第六十一夜:Nikon(ニコン)のウエアラブルデバイスの特許がヤバい

エンジニアの嗜みさんで、「Nikon 芳香剤を放出するスマートウォッチの特許」という記事を発見し、さっそく特許庁データベースにすっ飛んでみました。

以下、特許の要約です。ここだけ読むと「ニコンと芳香剤」が繋がりません(苦笑)腕時計から芳香剤?誰得?

【要約】 (修正有)
【課題】
 ユーザが身に付けた際に自動で芳香剤を放出することができる
 ウエアラブルデバイスの提供。
【解決手段】
 交換可能な薬剤カートリッジ21を収納するカートリッジ差込部22と、
カートリッジ差込部22に挿入された薬剤カートリッジ21の薬剤、
すなわち芳香剤またはデオドラント剤を加熱するヒータ13と、
装着検出部としての感圧スイッチ15と、感圧スイッチ15が
圧力を検出することによりユーザの腕の装着された判断すると
ヒータ13に加熱を開始させる制御部11と、を備える腕時計10。
感圧スイッチ15は当該腕時計10をユーザが装着した際に
ユーザの肌と接触する箇所に設けられている腕時計10。

「ユーザーが装着したことを感知して自動で芳香剤を放出する」とありますね。

カートリッジ式の芳香剤がセットできるようです。下の図では、バニラ、ラベンダー、ローズ、消臭となっています。一体なんのために匂いを放出するのでしょうか。

SnapCrab_No-0001 JPA_427228943_00000313のヒーターとか、14のファンモーターが気になりますが、要は、ヒーターで薬剤カートリッジの芳香剤を温めて気化させ、放出するようです。ここでいう「薬剤カートリッジ」とは、液体の芳香剤またはデオドラント剤を染み込ませた繊維質の物質、たとえば、ガーゼとか何かそういったものですね。

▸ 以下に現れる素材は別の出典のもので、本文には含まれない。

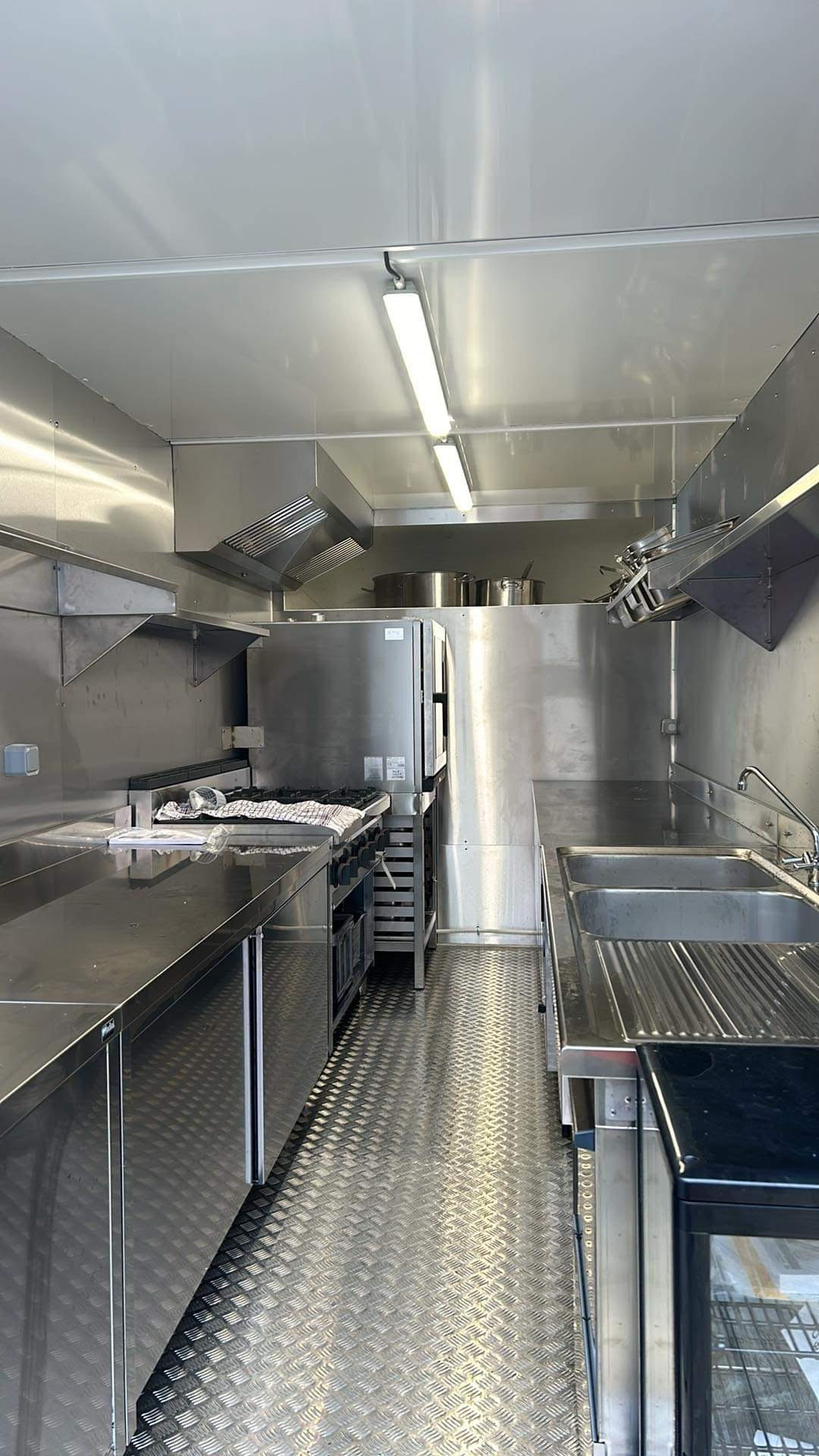 camions de cuisine aménagés aux dernières normes , catering cinéma , événementiel , région Provence-Alpes-Côte-d'Azur camions de cuisine aménagés aux dernières normes ,
catering cinéma , événementiel , région Provence-Alpes-Côte-d'Azur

「16撮影部」ということはやはり、カメラの機能があるということですよね。もう少しみてみます。

図7は、設定情報27の一例を示している。項目A1により、感圧スイッチが押されるとバニラの香りが放出され、項目A2により、スケジュールの開始時刻から所定の時間だけ前になると消臭成分が放出され、項目A3により、所定の条件に合致する顔を検出するとラベンダの香りが放出されることを示している。項目Bによりスケジュールの開始時刻から10分前にヒータ13に通電が開始され、項目Cにより20歳以上の女性が対象属性となっていることを示している。

SnapCrab_No-0002順序としては、

スイッチ入る→バニラの香り放出→予めスケジュールされた時刻から所定の時間(例えば5分前とか)になると消臭成分が放出→所定の条件にマッチする顔が検出されるとラベンダーの香りが放出。となります。

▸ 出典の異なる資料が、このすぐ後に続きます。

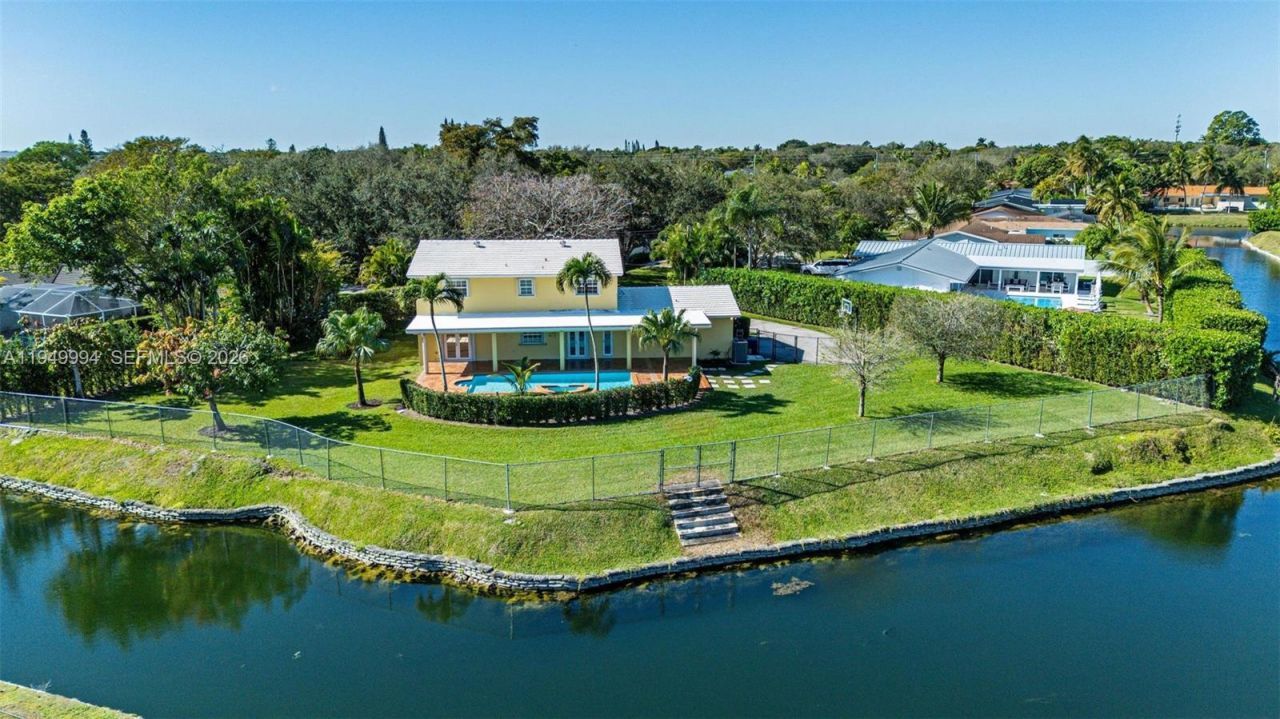 11401 SW 72nd Pl, Pinecrest, FL 33156 Photo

予め消臭成分を放出させる時間を設定しておけば(たとえばデートの前とか)、気化した芳香剤がユーザーの周りに浮遊して存在して消臭効果が得られるとか。

「所定の条件にマッチする顔」とありますが、項目Bをみると、開始時刻から10分前にヒータ13に通電が開始され、項目Cにより20歳以上の女性が対象属性となっていることがわかりますね。

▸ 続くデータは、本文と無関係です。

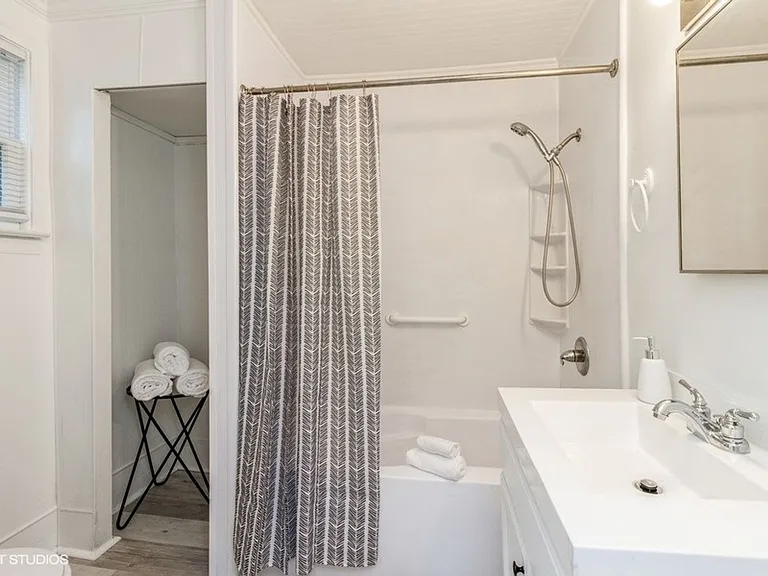 812 Euclid Ave — Photo 10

「顔認識」をここで使ってくるとは(笑)面白い。Nikonらしいと言えばNikonらしいです。

【0012】
顔特徴量データベース28には、性別および年齢層別が明らかな膨大な数の顔画像から作成した、性別および年齢層ごとに分類された顔の特徴量のサンプルが保存される。そのため、性別および年齢層が未知の顔画像があった場合に、その顔画像から特徴量を算出し、顔特徴量データベース28に保存されている特徴量のサンプルと比較することにより、その性別と年齢層を推定できる。

このデバイスの需要とか、そういうのは考えていなんでしょうね。要は、これはフロントエンドで、バックエンドは他にあるのでは?!と期待してしまいます。実物が見てみたいですね。

第1の実施の形態において、ウエアラブルデバイスは腕時計の形状を有していたが、本発明はこれに限定されない。本発明に係るウエアラブルデバイスは、ユーザの身体に装着され、少なくとも当該ウエアラブルデバイスの一部が外部に露出していればよい。

難しく書いてありますが、要するに、デバイスの一部が外に出ていればよいので、ブレスレットやネックレスでもいいし、メガネやヘアアクセサリーとか、帽子と一体になっていてもいいってことです。

そう考えると、いろいろアイデアは出てきそうですね。